Dataset:
• • • •

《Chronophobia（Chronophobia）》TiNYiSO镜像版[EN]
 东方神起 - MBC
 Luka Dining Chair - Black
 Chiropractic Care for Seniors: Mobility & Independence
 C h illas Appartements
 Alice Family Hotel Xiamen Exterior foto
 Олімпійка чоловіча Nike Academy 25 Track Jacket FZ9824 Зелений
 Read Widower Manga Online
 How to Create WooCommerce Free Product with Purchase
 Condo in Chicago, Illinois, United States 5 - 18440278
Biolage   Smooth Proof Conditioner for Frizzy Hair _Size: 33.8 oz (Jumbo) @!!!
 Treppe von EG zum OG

• • • •

What is required: Only the data above, repeated exactly, should make up the reply.

Response for this exercise:
《Chronophobia（Chronophobia）》TiNYiSO镜像版[EN]
 东方神起 - MBC
 Luka Dining Chair - Black
 Chiropractic Care for Seniors: Mobility & Independence
 C h illas Appartements
 Alice Family Hotel Xiamen Exterior foto
 Олімпійка чоловіча Nike Academy 25 Track Jacket FZ9824 Зелений
 Read Widower Manga Online
 How to Create WooCommerce Free Product with Purchase
 Condo in Chicago, Illinois, United States 5 - 18440278
Biolage   Smooth Proof Conditioner for Frizzy Hair _Size: 33.8 oz (Jumbo) @!!!
 Treppe von EG zum OG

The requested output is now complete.